A group of academics specialising in privacy and data protection law have said they are “not aware” of any legal requirement for people in receipt of social welfare payments to register for the public services card (PSC).
Eleven experts have written to Minister for Justice Charlie Flanagan expressing concern about the Government's card project after it emerged that a woman in her 70s had her State pension cut off because she refused to register for a card.
She has not been paid her pension for 18 months because she refused to go through the registration and identity-verification process as requested by the Department of Social Protection. As a result she is owed about €13,000.
The woman said she felt “bullied” following several letters from the department inviting her to register.
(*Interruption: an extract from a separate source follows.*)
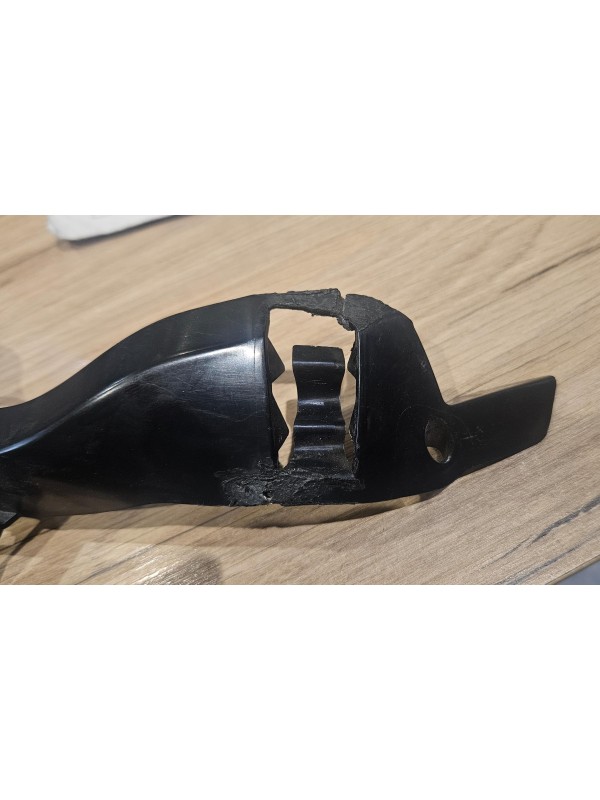 F30 ÖN TAMPON IZGARASI ORTA… F30 ÖN TAMPON IZGARASI ORTA…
No one had been able to demonstrate that the card was “mandatory”, she added.
In a letter sent on Friday, the academics noted what they said was “the intent to turn the PSC, which was originally intended to be used for specified public service purposes only, into a general purpose identity card to be used in a wide variety of contexts under the Social Welfare and Pensions Bill 2017”.
“It would appear that the time has now come where a national identity card is essentially on the table, and it is time for policy decisions in relation to this matter,” they wrote.
They said that to date, there had been “no public engagement in relation to the development of policy for a national identity card”.
“Our concern is that as a result, we are sleepwalking into developing a national identity index and national identity card in all else but name, and that we have not considered the very important implications before doing so.”
They called on the minister to “engage with the public for the development of policy on this matter, and for there to be a real debate on the issue”.
They asked that the minister recommend that further expansion of the card be delayed and that the provision in the recent Social Welfare and Pensions Bill extending its use not be enacted until the matter had been aired and policy considered in depth.
The group also noted that in 2015, then minister for social protection Joan Burton said the question of introducing a national identity card had not been part of the remit for the so-called SAFE scheme to register welfare recipients.
Ms Burton said in the Dáil that such a measure would require “due consideration by the appropriate agencies before any policy decisions could be formulated by Government and would require the development and implementation of legislation to support any such policy”.
The academics said it was “now being made effectively compulsory to have the PSC in order to carry on ordinary business in our society (for example to get a driving licence or a passport)”.
They noted the Department of Social Protection was now writing to social welfare recipients stating that registration for the card was “now a legal requirement for people in receipt of social welfare payments (including Child Benefit) or free travel entitlements”.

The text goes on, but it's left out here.